Logistics and Corruption
Logistics and Corruption - a constant danger. In the field of logistics too, there is the need for public awareness about corruption.
Whether it concerns an import license, a mandatory inspection of export goods, or customs clearance, the risk that foreign public officials might “request a token of appreciation” is ubiquitous. There are also several situations that can arise between companies or their representatives. When a lucrative supply contract is at stake, it could be tempting to win the race against a competitor by "motivating" the customer’s purchase manager.
How does one cope with such situations? The temptation to pay up may be great, precisely because of the time pressure prevailing in the transport sector, where rapid problem solving makes it inevitable. However, such behaviour entails significant risks which in serious cases could even lead to insolvency: penal prosecution within the country and abroad, sometimes with truly draconian penalties. In addition, there is the danger that claims from contracts which came into existence due to corruption payments would not be enforceable. Moreover there could be loss of orders, damage to reputation, revocation of commercial licenses and much more.
Fines running into millions of dollars imposed on some freight forwarding companies recently, and cases presently being adjudicated show that the risks mentioned above do not merely exist on paper.
A frequent complaint is that setting up a compliance programme is expensive, and for small businesses can even be unaffordable. This is not necessarily correct. There are already numerous assistance centres, for example Chambers of Commerce, associations (such as Economiesuisse – The Swiss Business Federation, ICC Switzerland) and state agencies (SECO, S-GE). With the publication of the ICC Rules on Combating Corruption, the International Chamber of Commerce offers a full suite of tools, which enables the creation of a highly effective Compliance Programme. Part III of the rules specifies detailed recommendations for the content of the programme, while Part II contains recommendations on actions to be taken by the company for its business operations. Part I consists of rules that could be appropriately integrated into contracts, either by means of unabridged inclusion in the text of the contract or by references being made to the ICC Rules. With the ICC Anti-corruption clause, the ICC offers a concrete draft proposal for the specific formulation of the contract. All the texts are accessible free of charge via the ICC homepage: www.iccwbo.org .

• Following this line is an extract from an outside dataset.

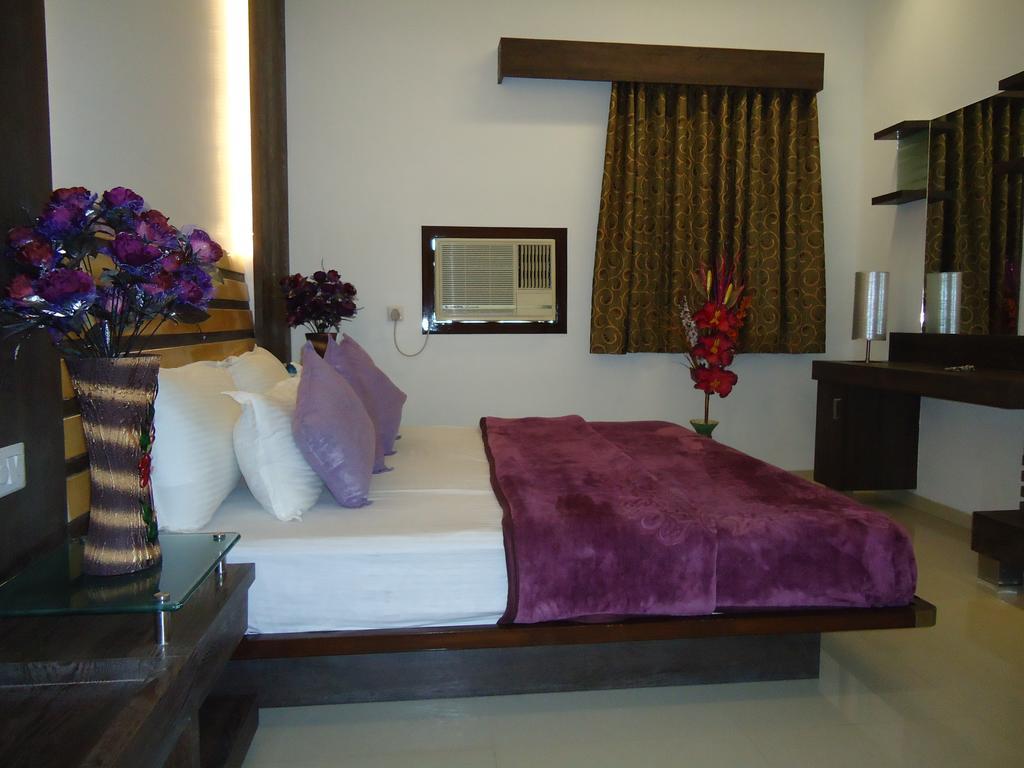 Hotel Sun Plaza Ankleshwar Extérieur photo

Additionally, a mention should be made of a research project of the University of Applied Sciences, Chur, in the context of which the guide "Fight Corruption Risks Successfully" has been developed. It is available in German, French and Italian and is downloadable free of charge via the following link: http://www.htwchur.ch/index.php?id=489. The guide correctly emphasizes the fact that the best compliance strategy means nothing if it remains just a dusty piece of paper: it must be actively experienced in everyday operations!